What you should do
Output the data below only from the line containing "New 2026 Chevrolet" up to and including the line containing "Enseigne lumineuse avec", exact and with the pictures left out.

Data extract
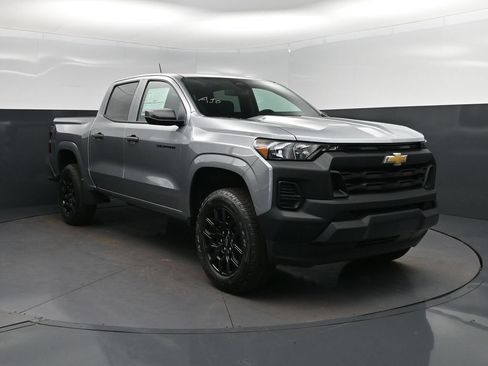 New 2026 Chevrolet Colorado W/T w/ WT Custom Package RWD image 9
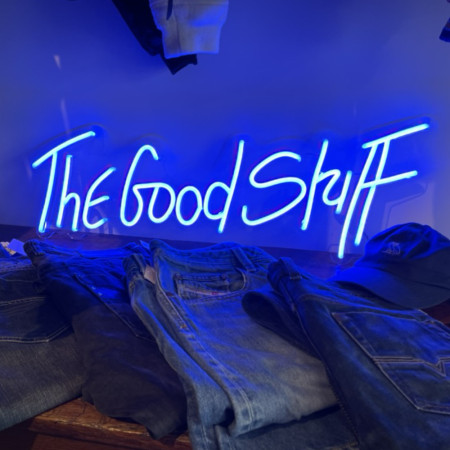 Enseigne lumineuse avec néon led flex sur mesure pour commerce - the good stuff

---

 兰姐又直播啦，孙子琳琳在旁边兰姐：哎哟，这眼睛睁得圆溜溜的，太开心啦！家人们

Completed task
 New 2026 Chevrolet Colorado W/T w/ WT Custom Package RWD image 9
 Enseigne lumineuse avec néon led flex sur mesure pour commerce - the good stuff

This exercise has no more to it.